Growers of fruit and salad crops have warned that fruit and vegetable crops could be left to rot in the fields as the picking season gears up and there are signs that the initial enthusiasm of British workers to work in the fields.
With just a fraction of overseas workers in the country, it is unclear how many of the 70-90,000 seasonal workers required by agriculture and horticulture will be available.

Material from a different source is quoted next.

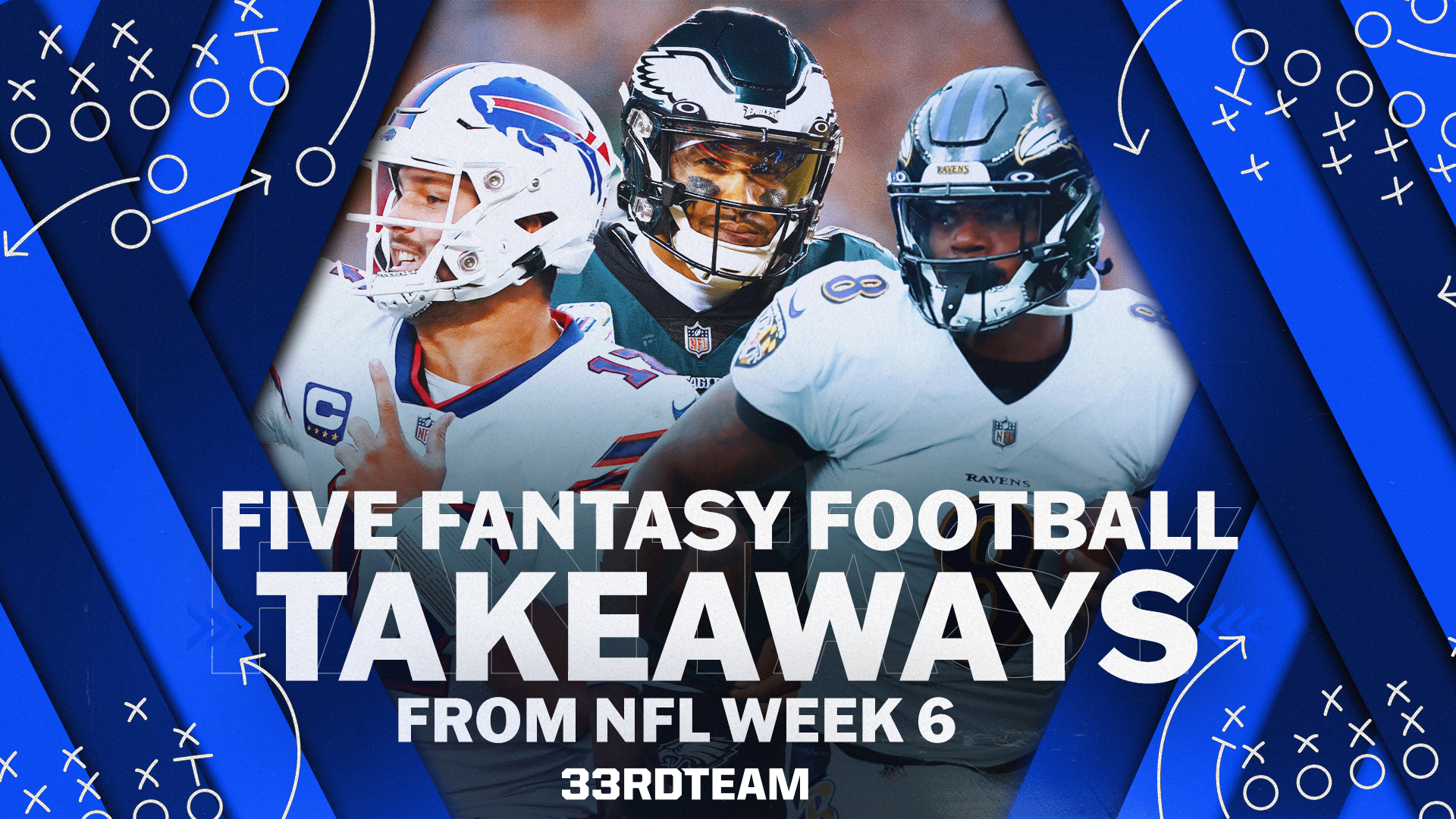 Five Fantasy Football Takeaways: NFL Week 6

Worcestershire apple grower Ali Capper, who is also executive chair of English Apples and Pears (EAP) said that only four of her 12-16 Polish workers had made it before lockdown, adding that she did not know where she would find the 70 workers needed in September.
To help growers EAP has launched a recruitment website to help fill the 10,000 roles it says its members will have between August and October. “Our newly launched recruitment campaign is designed to put people looking for work in direct touch with apple and pear growers who need help getting our delicious fruit from the trees to our tables,” explained Capper.
Early indications that British workers who had been made redundant or furloughed would be willing to work in fields may have been optimistic, with one grower saying that from 50 British workers at the start of the week, he was down to just seven at the end. Despite the Government’s Pick for Britain campaign, initial data shows that out of 50,000 home-grown applicants, 6,000 opted for an interview but only 112 took up the offer of a role on a UK farm. Reasons for not accepting offers cited by some of the 900 people who turned them down including being unable to accept the full length of a contract, the distance to the farm, care responsibilities or only wanting part-time work.